It didn’t have to be this way. The pieces were all in place. Casting Dwayne Johnson as a straight-arrow lifeguard and Zac Efron as a disgraced former Olympian who joins his crew makes perfect sense as comedic Yin and Yang. A story credited to spoof masters Thomas Lennon and Robert Ben Garant sounds promising. And it’s not as though the cheesiness of the source material would have to negatively impact this adaptation; to the contrary, those retrograde trappings could easily be torn to satiric shreds. But there is no satire or even spoof – just an incoherent pastiche of absurdly broad one-off gags, strung together with no seeming purpose or rhythm, like disparate trailer gags that have no business existing in the same movie. As for the central duo, their interaction is more earnest chest-thumping than inspired comedic push-pull. It’s difficult to blame them, though, when the film treats them as literal eye candy, subjecting them to catalog poses while the camera pans in low-angle slo-mo, cribbing from Michael Bay without a trace of irony. So for those wondering, it’s not just the women who are objectified in this version of Baywatch.

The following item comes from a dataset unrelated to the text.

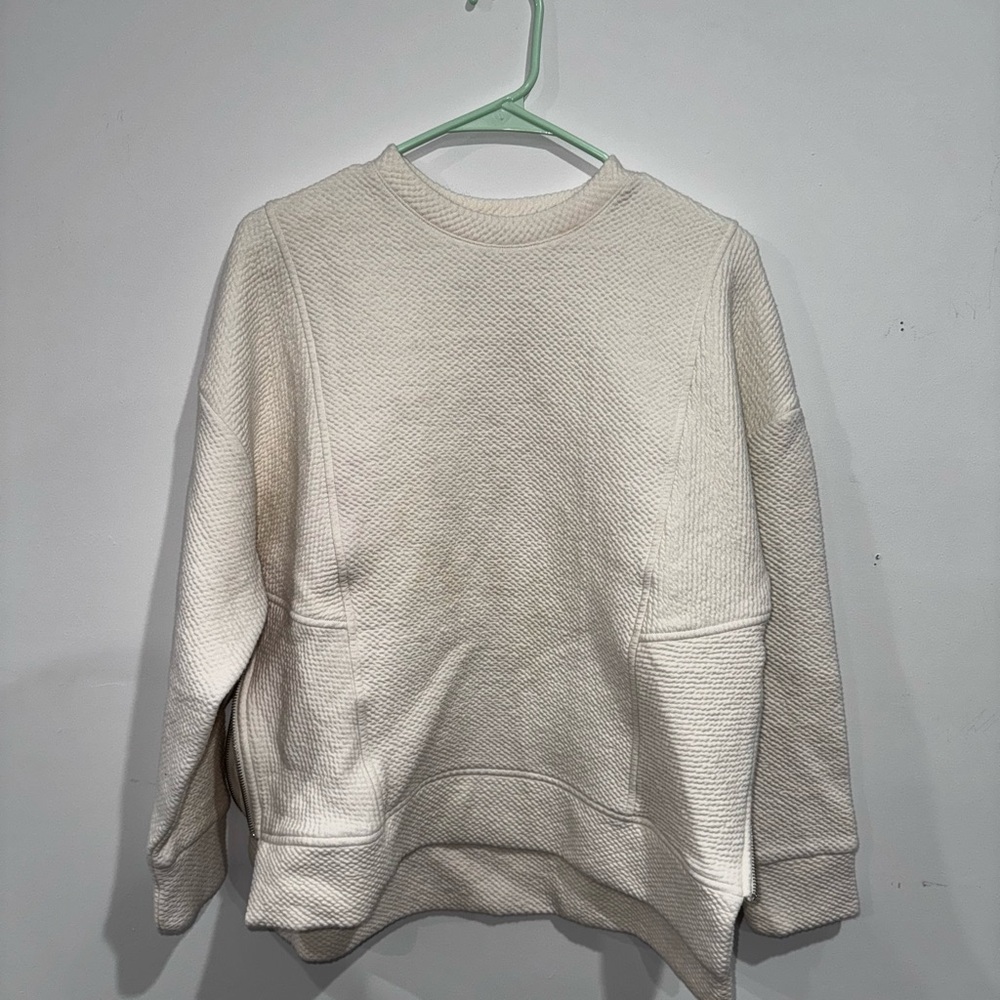 CALIA by Carrie Underwood Cream Crewneck Sweater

Of course, the women aren’t excluded from objectification, either. Sports Illustrated swimsuit model Kelly Rohrbach takes over the role of CJ Parker (made famous by Pam Anderson), and her impressive timing and comic ability probably came as a surprise to even the filmmakers, who have little interest in anything other than exploiting her body as the object of nerdy lifeguard recruit Ronnie’s (Jon Bass) desires. Alexandra Daddario is less exploited from a physical perspective (perhaps the producers never watched True Detective) but is instead betrayed by narrative representation, introduced as the whip-smart antithesis of a helpmate damsel before turning completely into a helpmate damsel as the film drones on.

And for what purpose? Well, Johnson’s Mitch Buchanan detects an underground drug ring operating on his beach and suspects the kingpin is a wealthy socialite (Priyanka Chopra, also wasted), so his team conducts its own investigation, running afoul of local law enforcement, a dynamic ripe for comedic exploitation that the film leaves hanging at every turn. It’s a simple enough gambit made so complicated by screenwriters Damian Shannon and Mark Swift that they can’t even begin to write themselves out of the incoherent web. Shannon and Swift come to Baywatch by way of the horror genre, and to be fair, what they deliver is certainly frightening. But of course, plenty of bawdy summer comedies are narrative messes – what saves them, invariably, is their capacity for hilarity. The problem with Baywatch is that the jokes aren’t funny, at all, ever. So every last flaw becomes more glaring until the film becomes more insufferable than a sunburn.